Is it somehow a "better" reverb than the digital engine used in the Holy Grail and others? I don't think it could be. Reverb is complex enough that *any* set of algorithms is bound to leave some folks wanting even while it's as glorious as warm chocolate pudding to others.


----------



## gtrguy (Jul 6, 2006)

GONE


----------



## mhammer (Nov 30, 2007)

My mistake. I know the Fab Echo uses a Princeton Technologies PT2399 digital chip (easily modded to produce as much as 350msec delay time rather than the single stock delay time), but was under the (obviously mistaken) impression that the first of the Danelectro pedals (in the heavy cast chassis) used a standard MN3205 BBD chip. As this picture illustrates - http://www.e-basteln.de/harp/Images/large_disassembly.jpg - the basis of the pedal is a 40-pin chip, which I take to be the PT2395, a digital delay chip, and a decent one. The pins for an 18-pin chip right beside it is undoubtedly the 256K DRAM chip needed by the PT2395 to provide 800ms of delay.

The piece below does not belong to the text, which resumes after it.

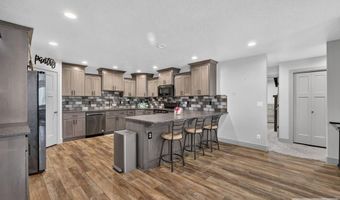 1027 Pinewood Ave, Chubbuck, ID 83202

Though opinions vary about how effectively a digital delay can match the quality of an all-analog, my sense is that with the right filtering, it can do a helluva decent job. In his effects pedal book, Dave Hunter interviews Roger Mayer, and Mayer makes some interesting observations about digital delays. What he suggests is that the real differences between analog and digital occur during the note decay. While the signal amplitude is high, it is encoded by more bits, where once the note tapers off, there are fewer bits to encode it and you start to creep into quantization error with the last wisps of the delayed signal. Some folks would argue with that, though I would not classify myself as someone who knows enough about the state-of-the-art in a/d conversion to be able to argue staunchly one way or the other. Certainly 10 years ago, he probably would have been correct. Whether his concerns matter any more is something I'll leave to the experts.

But yes, you were absolutely correct.


----------